Either ask the client to write a list of attributes for your project, along with drawings and other specifications, or meet with him and ask a lot of questions. Take notes. Often the client won’t have the answers right away, so he will have to get back to you once he has taken time to consider the options.
This is very important: at the end of the meeting, read the requirements back to the client and confirm that this is what they want. Because, oddly, sometimes it’s not. People can be very imprecise in their language, so double check by stating the project goals in your own words.
Let me give you an example: Tom gave us a new coffee maker, and told us, “I don’t like the way it comes out.” We thought he meant that the coffee didn’t taste good. What he actually meant is that the carafe didn’t pour well. It spilled coffee everywhere. Double check what you think you are hearing.
2. Piece by piece
If you are working on a large project, try to break it down into smaller, well defined pieces. This will help you not only hit deadlines, but it’s easier to define a large project in small stages. It also becomes easier to estimate the time the project will take when you break it into smaller chunks. And, as a bonus, you can invoice for the smaller projects as you finish them.

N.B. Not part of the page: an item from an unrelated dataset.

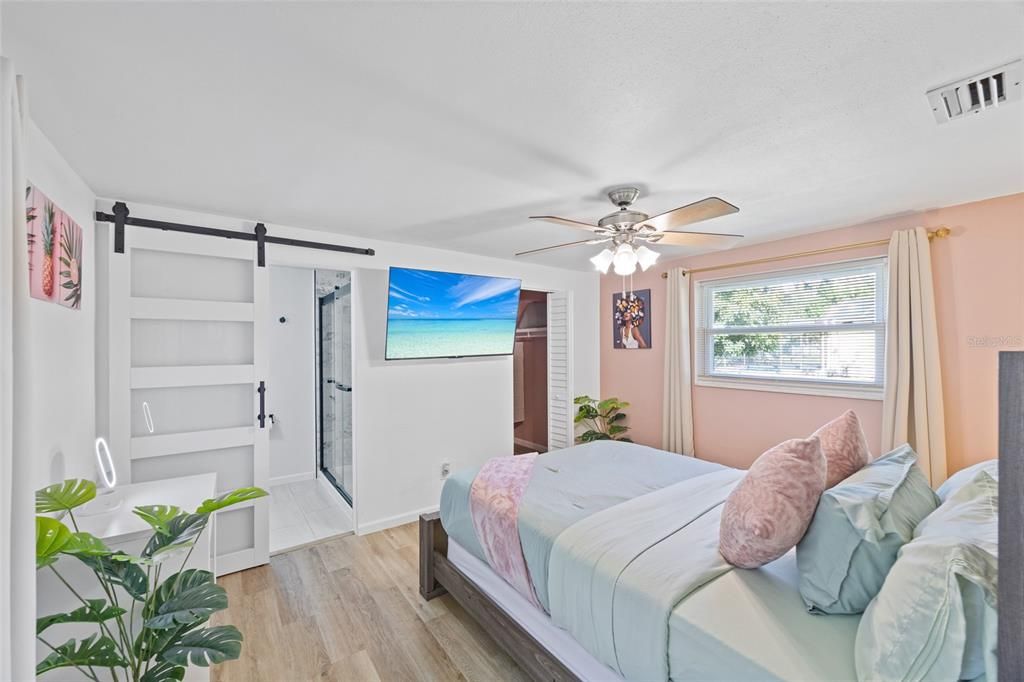 For Sale: $425,000 (3 beds, 2 baths, 1187 Square Feet)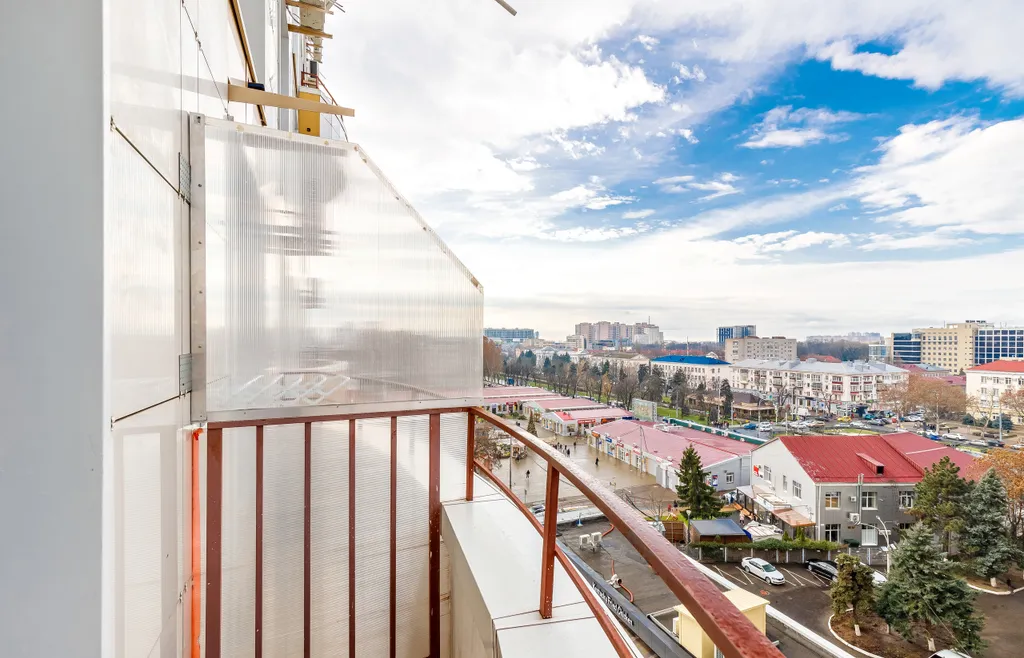 Просторная 2 комнатная квартира в центре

Check in with your client on a regular basis and sooner rather than later if something doesn’t seem right. Send him a picture or mock up of what you’re doing and confirm that you’re on the right track. Meet in person if you must. Keep track of any changes to the original requirements, along with the dates you were given new requirements.
4. Wouldn’t it Be Great If…
Don’t get side tracked if your client is bursting at the seams with ideas. If another project is already in motion, figure out if the new idea is pertinent to what’s already going on. If it’s not relevant, have the client jot down the new idea and then tell him he can schedule the start of this new project after the projected end date of the current one. 🙂
If the new idea is potentially pertinent to the current project, and especially if it’s a good idea, resist the temptation to just blindly agree to incorporate it into the existing project, ask: will this new idea move the current project forward? Will this new idea negate any of the requirements you’ve made so far? What are the ripple effects of implementing the new idea on the cost and the schedule. No matter how miniscule the new idea seems, make sure that both you and the client understand how it can affect the finish date and cost of the project.
5. Be Goal-Oriented
One of the best ways to keep focused is to remind yourself and your client of the original purpose of a project. Go back and read the stated goal every now and then. You’ll be surprised how minor details can sometimes distract you from the main project.
Your client should be able to define the project’s goal in a sentence or two. For example, an activewear collection’s may be “wicking yoga apparel in bold prints.” That way, when the client brings in a great idea for swimsuits, you can pull out the concept statement and evaluate how a bikini fits in with the original concept. Usually, the result is that the client got distracted from his original goal.
In short, if you can keep good, clear records and help your client stay focused on the project, it will reduce the probability that the project will have evolving requirements. By keeping a positive outlook and avoiding knee jerk “yes, I can do that” or “no, that’s impossible” responses, you’ll find yourself in a better relationship with any client.